Depuis son arrivée rue de Grenelle, JM Blanquer n’a de cesse de vouloir réduire l’agir enseignant, de le protocoliser et de transformer les PE en exécutants. Pour cela, il a promu un management injonctif, prescriptif et le cas échéant répressif. A l’instar de Taylor, il entend sous couvert de rationalisation découper et techniciser l’enseignement. Mais là, il ne s’agit plus de découper des opérations de travail sur de la matière inerte. Il s’agit d’enseignement et d’êtres humains et c’est une différence irréductible.
Avec le Grenelle et grâce à l’« apport » de people adoubés expert-es en éducation, JM Blanquer appuie sur l’accélérateur dans la voie de la déqualification du métier. en ajoutant à son arc la corde d’un management participatif , nouvelle forme de gouvernance et de l’individualisation des carrières.

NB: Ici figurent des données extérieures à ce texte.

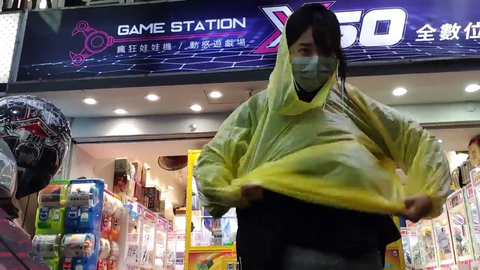 Taiwan hero saves damsel in distress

Comment ? En faisant de l’investissement dans des dispositifs de formation un nouvel outil de gestion des carrières. Ainis il a pu évoquer une « certification pour l’école maternelle ». Le CSEN a lui émis l’idée de la nécessité devalider la maîtrise des techniques « efficaces » pour enseigner en CP et CE1.
Certaines académies ont déjà expérimenté des « open badges » visant à « reconnaître et valoriser les apprentissages informels acquis dans le milieu professionnel ou dans un cadre privé ».
Des groupes de travail ministériels ont été le lieu de formulations analogues. La part-belle a été faite à une « gestion des ressources humaines de proximité » permettant aux enseignant-es d’être acteur de leur « développement professionnel » en lien avec la formation continue.
Etre l’entrepreneur de son capital de formation, voilà la proposition de JM Blanquer aux enseignant-es, transférant la responsabilité de l’institution sur les individus.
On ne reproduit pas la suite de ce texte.